Traditional financial statements show where a business was. Finteligence reports show where it is. For underwriting, covenant monitoring, and credit risk management, the difference is material.

60–90 days
Average age of statements used in traditional underwriting
100%
Of Finteligence reports produced by the borrower's existing advisory firm
Real-time
Operating data available through Finteligence continuous reporting

Report Integrity

Fraud risk is minimal by design.

Finteligence reports are not self-reported documents. They are only available to businesses that are active Finteligence customers — onboarded and managed through a vetted financial advisory firm partner. The borrower cannot produce a Finteligence report independently. The advisory firm controls access.

Advisor-controlled access

Reports are produced and delivered through the borrower's CPA or CFO firm. The borrower has no ability to generate or alter them independently.

Vetted client base

Every Finteligence customer is an active advisory client. There is no anonymous or self-service access to the reporting platform.

Continuous, not point-in-time

Because reporting is ongoing, a lender can request the most recent data at any time — not a document prepared specifically for the loan application.

By the time you read a statement, the business has already changed.

A business that looked healthy in a 90-day-old statement may have experienced significant changes in vendor relationships, cash flow patterns, or expense controls in the weeks since.

Traditional underwriting can't see that. Covenant monitoring based on quarterly statements can't see it either.

"You're reviewing a photograph of a business that no longer exists exactly as pictured."

Finteligence reports give you current operating data — structured, continuous, and produced by the advisory firm that already manages the client relationship.

Current operating reality — not historical reconstruction.

Ongoing monitoring between reporting periods

Continuous visibility means you're not waiting for a quarterly covenant review to know if something has changed. You can see it as it develops.

Early detection of irregular transactions

Finteligence surfaces anomalies — duplicate charges, unauthorized spend, vendor drift — before they become material credit events. Early detection is early intervention.

Cleaner conversations with borrowers

Ask for the last 14 days of operating data, not a 60-day-old statement. The conversation changes when both parties are looking at current information.

Traditional statements show history. Finteligence shows current operating reality.

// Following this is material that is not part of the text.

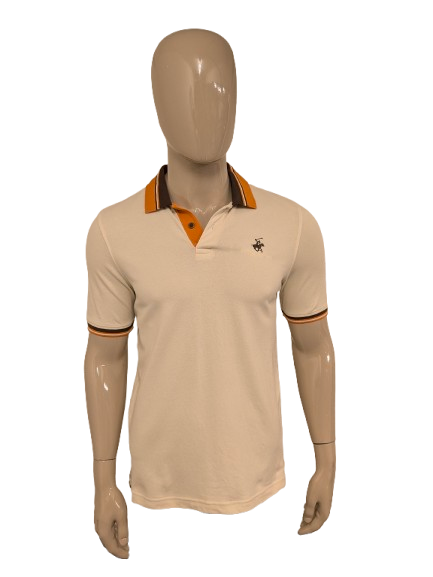 Beverly Hills polo club polo. Beige Bruin Oranje gekleurd. Maat M. fitted.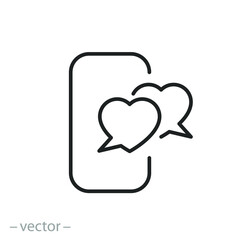 Wall Mural - love chat icon, couple hearts as phone message, communication lovers, thin line symbol on white background - editable stroke vector illustration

Continuous reporting supports faster covenant monitoring and early risk detection.

Improves clarity on cashflow consistency and expense controls.

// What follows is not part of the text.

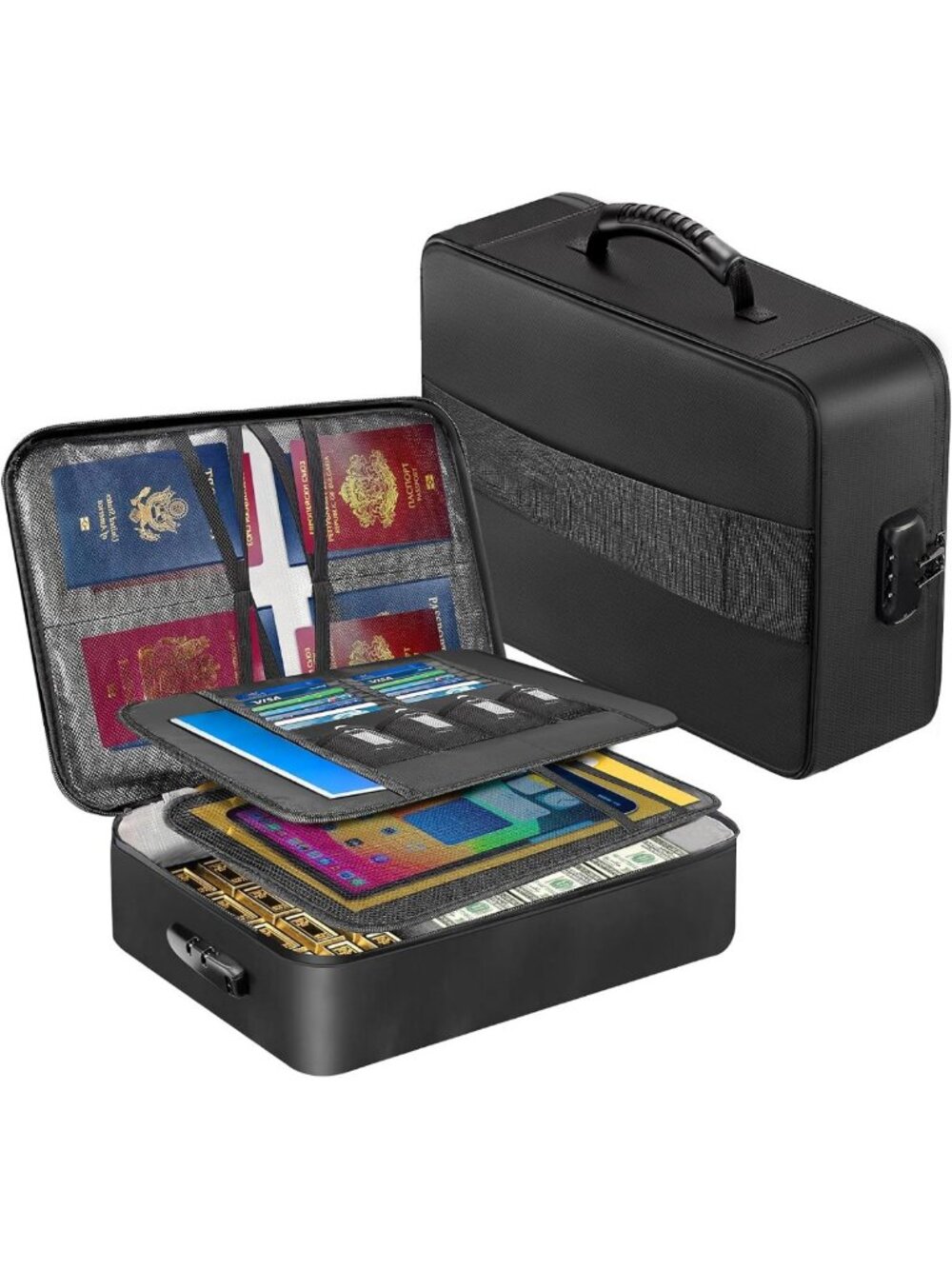 Fireproof Document Organizer Box with Lock, Heat Insulated, Portable Safe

Two paths to continuous reporting from your borrowers.

1

Ask borrowers who already use Finteligence

If a borrower's advisory firm is already a Finteligence partner, reports can be shared directly with you as part of the lending relationship.

2

Refer borrowers to a Finteligence advisory partner

If a borrower doesn't have a Finteligence-enabled advisor, we can refer them to a featured partner firm. The advisory relationship is established first; reporting follows.